Team Members:
- Eddie Xu
- Mackenzie Baucum
- Vasudha Nair
Project Description: By using the ETL, our team is trying to determine the weather conditions that were prevalent at various Starbucks locations in the US. We will be studying the various aspects of the weather.
- Extract: The weather data is a JSON file that is converted into a CSV file and the Starbucks data is a CSV file.
- Transform: In order to transform the public data and use it in our study we performed the following:
- Used Pandas functions in Jupyter Notebook to load the CSV and the JSON file
- Reviewed the files and transformed into data frames.
- For the Starbucks Data set we only focused on Starbucks Brand (there were other brands as well). The data has all the locations in the world. We narrowed it down to USA.
- Next we dropped the locations that did not have a Postcode and looked at the unique cities for these locations.

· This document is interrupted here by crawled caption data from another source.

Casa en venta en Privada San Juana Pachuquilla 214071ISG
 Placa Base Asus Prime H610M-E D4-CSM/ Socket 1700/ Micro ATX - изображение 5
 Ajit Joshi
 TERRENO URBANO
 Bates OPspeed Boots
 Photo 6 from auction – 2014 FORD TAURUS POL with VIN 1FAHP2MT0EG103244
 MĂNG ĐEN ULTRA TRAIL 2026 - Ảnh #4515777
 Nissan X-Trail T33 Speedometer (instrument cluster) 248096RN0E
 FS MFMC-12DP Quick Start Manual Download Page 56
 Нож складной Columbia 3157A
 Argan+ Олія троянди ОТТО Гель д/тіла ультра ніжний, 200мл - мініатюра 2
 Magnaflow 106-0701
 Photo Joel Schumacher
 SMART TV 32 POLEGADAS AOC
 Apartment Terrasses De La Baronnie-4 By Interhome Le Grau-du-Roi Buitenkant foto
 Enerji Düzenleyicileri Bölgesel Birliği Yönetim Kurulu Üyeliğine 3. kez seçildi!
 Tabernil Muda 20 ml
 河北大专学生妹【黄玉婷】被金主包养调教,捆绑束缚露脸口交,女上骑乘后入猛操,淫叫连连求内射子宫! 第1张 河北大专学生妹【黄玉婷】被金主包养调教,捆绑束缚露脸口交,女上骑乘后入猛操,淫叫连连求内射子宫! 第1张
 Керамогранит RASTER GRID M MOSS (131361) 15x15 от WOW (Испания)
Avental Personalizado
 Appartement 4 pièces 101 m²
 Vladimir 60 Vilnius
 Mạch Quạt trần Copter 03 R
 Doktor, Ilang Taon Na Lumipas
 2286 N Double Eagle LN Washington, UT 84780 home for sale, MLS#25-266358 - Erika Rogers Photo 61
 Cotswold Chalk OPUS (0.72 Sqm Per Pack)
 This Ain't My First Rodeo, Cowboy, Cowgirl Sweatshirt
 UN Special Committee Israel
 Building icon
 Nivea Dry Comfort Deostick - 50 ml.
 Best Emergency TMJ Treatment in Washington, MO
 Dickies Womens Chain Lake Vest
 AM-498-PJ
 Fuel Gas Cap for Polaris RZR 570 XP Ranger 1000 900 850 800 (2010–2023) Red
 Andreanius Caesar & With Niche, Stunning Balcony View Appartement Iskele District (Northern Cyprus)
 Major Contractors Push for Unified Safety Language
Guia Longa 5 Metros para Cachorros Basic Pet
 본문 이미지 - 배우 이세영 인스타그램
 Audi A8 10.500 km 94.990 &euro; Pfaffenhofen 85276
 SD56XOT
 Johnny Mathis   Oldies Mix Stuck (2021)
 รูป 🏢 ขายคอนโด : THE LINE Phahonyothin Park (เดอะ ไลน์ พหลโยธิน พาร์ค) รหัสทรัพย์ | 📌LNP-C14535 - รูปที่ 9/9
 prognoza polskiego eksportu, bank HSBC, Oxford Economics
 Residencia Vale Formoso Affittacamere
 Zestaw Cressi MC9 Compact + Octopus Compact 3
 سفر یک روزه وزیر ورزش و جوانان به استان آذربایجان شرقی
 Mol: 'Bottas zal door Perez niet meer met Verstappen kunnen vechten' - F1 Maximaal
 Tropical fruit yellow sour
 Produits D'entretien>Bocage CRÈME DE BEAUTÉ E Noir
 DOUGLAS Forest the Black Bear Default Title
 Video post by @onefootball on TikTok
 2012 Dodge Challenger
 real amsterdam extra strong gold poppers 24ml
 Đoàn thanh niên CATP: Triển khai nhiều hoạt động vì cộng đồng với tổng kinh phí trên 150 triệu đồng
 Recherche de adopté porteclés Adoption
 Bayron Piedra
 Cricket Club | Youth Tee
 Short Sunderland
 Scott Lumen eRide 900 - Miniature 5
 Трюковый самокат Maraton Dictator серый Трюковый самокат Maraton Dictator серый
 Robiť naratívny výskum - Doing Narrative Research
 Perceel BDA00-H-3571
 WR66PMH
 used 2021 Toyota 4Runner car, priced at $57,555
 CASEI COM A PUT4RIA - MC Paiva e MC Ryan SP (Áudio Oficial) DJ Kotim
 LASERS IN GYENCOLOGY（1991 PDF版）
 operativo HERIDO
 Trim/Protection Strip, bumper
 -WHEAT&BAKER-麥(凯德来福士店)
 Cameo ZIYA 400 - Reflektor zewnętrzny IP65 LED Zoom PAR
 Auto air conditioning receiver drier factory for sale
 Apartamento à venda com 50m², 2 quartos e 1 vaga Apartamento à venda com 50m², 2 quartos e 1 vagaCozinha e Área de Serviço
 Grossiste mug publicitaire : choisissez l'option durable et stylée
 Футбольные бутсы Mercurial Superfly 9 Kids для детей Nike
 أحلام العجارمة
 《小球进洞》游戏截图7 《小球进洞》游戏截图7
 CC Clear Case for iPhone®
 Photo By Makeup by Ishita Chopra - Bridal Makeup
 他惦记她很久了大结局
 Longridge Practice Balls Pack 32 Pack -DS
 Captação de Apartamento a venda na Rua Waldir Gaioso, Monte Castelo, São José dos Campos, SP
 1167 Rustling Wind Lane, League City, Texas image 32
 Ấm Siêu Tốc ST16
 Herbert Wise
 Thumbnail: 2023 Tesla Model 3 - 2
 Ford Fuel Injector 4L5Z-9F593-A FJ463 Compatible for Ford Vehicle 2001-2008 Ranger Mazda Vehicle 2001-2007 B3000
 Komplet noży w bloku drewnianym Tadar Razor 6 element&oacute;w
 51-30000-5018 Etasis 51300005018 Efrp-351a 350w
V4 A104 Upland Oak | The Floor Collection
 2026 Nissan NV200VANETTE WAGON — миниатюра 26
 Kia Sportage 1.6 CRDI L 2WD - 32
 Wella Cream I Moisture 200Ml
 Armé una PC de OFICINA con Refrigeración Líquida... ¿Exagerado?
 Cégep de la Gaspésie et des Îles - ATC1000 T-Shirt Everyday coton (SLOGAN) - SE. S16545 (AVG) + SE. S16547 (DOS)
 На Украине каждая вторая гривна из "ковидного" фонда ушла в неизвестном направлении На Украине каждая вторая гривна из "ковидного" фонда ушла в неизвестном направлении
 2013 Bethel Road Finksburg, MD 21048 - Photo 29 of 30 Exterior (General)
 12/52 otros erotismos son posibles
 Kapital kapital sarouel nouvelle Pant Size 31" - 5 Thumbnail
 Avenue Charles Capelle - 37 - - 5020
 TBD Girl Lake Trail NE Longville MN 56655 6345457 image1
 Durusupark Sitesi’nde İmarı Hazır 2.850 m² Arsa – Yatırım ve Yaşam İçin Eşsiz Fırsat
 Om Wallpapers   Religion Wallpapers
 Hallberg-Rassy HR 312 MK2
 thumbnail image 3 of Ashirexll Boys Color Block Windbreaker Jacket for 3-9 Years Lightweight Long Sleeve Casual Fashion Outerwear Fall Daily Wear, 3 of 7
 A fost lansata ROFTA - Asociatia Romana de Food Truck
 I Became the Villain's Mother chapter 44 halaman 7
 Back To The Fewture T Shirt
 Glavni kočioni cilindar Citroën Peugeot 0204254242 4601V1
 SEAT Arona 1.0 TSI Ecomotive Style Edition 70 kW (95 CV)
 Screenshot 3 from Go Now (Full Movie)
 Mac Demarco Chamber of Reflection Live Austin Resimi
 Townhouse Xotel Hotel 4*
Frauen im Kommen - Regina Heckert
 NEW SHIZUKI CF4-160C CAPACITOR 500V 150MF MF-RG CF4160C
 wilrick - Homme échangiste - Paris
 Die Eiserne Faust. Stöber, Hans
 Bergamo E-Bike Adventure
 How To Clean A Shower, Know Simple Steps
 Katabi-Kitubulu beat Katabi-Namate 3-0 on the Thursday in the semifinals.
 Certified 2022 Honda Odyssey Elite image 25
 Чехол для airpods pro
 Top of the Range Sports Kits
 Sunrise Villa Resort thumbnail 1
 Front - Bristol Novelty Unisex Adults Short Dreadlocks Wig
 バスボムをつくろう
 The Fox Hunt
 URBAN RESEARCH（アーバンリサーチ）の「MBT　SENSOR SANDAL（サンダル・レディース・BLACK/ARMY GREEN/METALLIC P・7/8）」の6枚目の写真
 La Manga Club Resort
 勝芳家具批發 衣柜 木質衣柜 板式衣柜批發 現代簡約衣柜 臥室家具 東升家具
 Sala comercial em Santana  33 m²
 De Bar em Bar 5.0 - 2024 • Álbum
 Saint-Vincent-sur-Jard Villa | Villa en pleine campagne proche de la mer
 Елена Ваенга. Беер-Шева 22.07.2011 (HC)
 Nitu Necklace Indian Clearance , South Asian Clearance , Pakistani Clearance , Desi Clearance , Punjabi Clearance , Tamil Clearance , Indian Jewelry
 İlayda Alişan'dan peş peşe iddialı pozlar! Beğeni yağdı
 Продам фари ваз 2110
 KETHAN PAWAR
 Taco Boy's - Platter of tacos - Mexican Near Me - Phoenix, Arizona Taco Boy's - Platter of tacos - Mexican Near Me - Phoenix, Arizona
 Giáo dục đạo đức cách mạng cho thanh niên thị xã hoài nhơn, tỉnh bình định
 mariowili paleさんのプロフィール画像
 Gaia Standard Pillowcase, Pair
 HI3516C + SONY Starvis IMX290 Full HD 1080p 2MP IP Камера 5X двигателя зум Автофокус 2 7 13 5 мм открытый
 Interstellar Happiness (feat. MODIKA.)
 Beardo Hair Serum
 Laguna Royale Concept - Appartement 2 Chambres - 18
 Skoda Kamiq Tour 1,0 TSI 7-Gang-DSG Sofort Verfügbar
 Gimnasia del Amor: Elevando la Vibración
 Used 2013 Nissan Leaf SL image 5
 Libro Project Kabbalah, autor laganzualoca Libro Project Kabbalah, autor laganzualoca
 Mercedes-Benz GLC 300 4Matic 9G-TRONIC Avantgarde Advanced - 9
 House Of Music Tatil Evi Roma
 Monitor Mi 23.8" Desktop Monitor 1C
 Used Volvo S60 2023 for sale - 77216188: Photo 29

- For the Weather Data, we focused on cities for the Starbucks locations in the USA and queried it based on API. We filter out any KeyError errors if the city is not found.
- Joined the two data sets by City (inner)
- Created queries to address our question
- Load: Load: We transfered our output into a Database. We created a database and respective table to match the columns using Postgres database (PG admin) to store our original clean data sets. We reconnected to the database and generated additional tables for the data frames. There are some limitations to our findings due to the data available. However, we were able to address our hypothesis question in our initial project proposal listed in the ETL Project Final Technical Report
Datasets:
- Open Weather Map API (http://api.openweathermap.org/data/2.5/weather?)
- Starbuck Locations Data (https://www.kaggle.com/starbucks/store-locations)